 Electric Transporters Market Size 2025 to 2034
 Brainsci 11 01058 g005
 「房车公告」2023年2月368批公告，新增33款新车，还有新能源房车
* * *
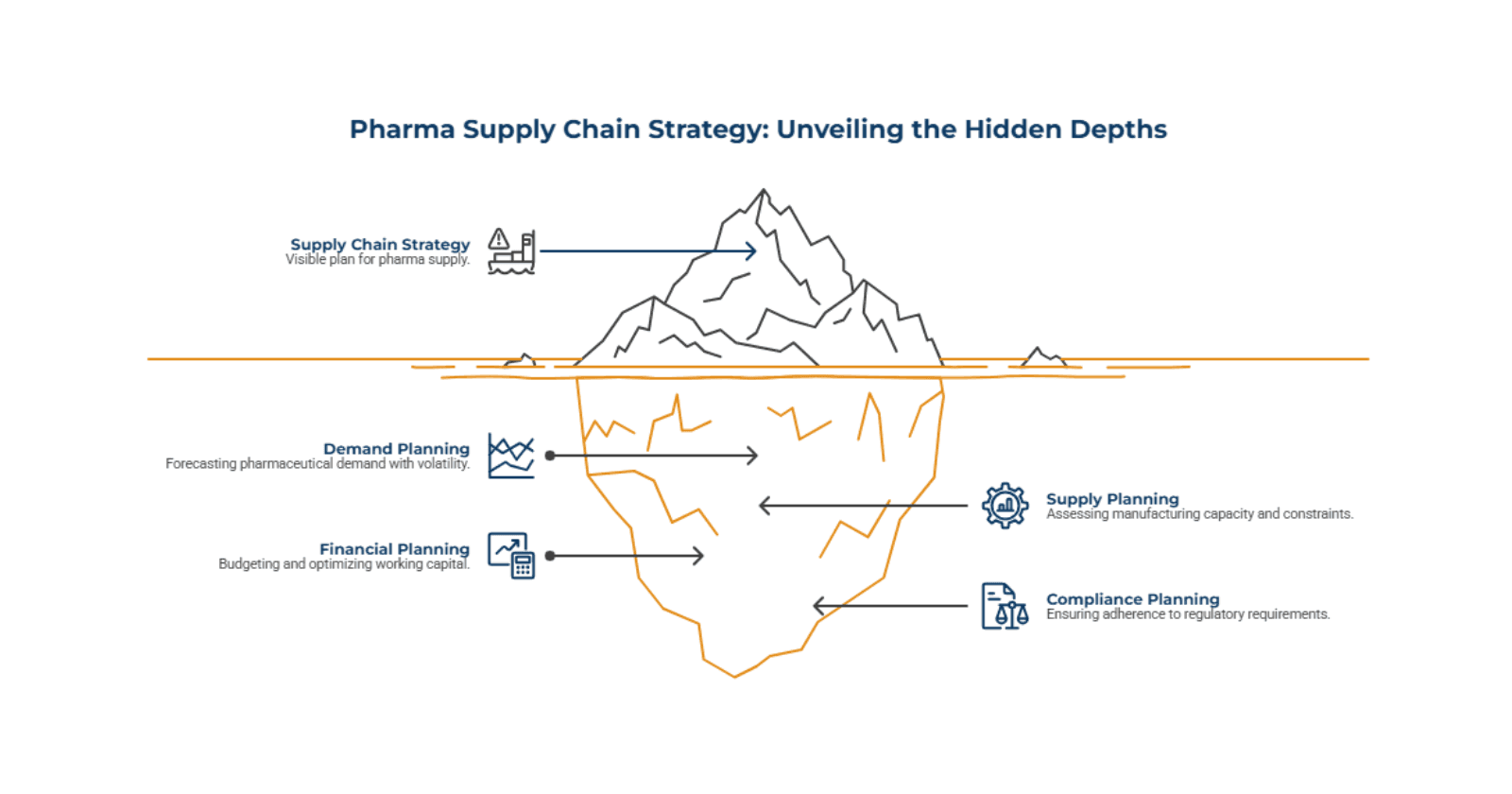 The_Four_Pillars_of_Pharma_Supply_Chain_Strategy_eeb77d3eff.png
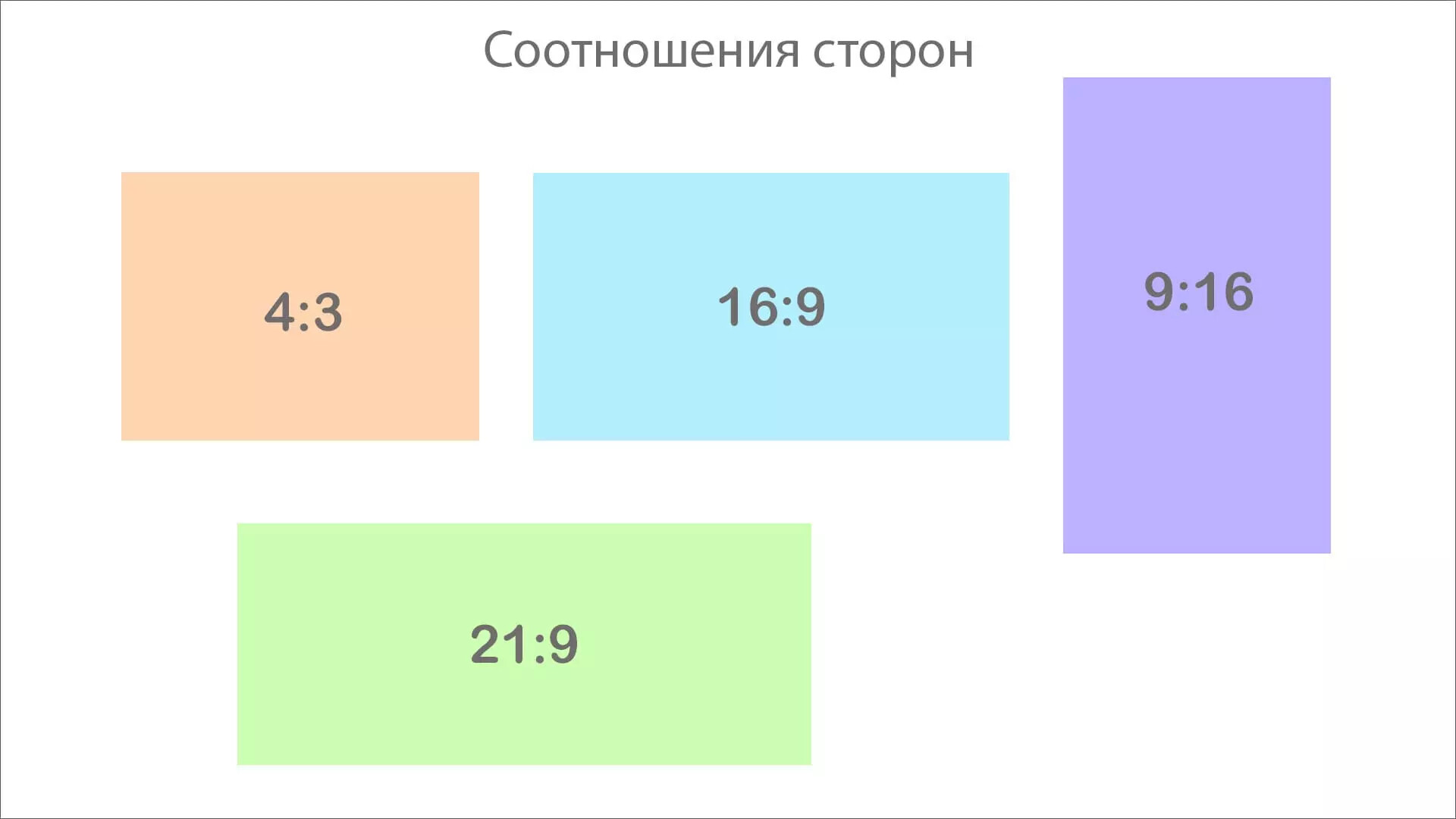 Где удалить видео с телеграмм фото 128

• _WORK INSTRUCTION_
Write out word for word the lines of the listing above from the line with "The_Four_Pillars_of_Pharma_Supply_Chain_Strategy_eeb77d3eff.png" to the line with "Где удалить видео с телеграмм фото 128", taking in both of those lines but no pictures.

• _RESULT OF THIS TASK_
 The_Four_Pillars_of_Pharma_Supply_Chain_Strategy_eeb77d3eff.png
 Где удалить видео с телеграмм фото 128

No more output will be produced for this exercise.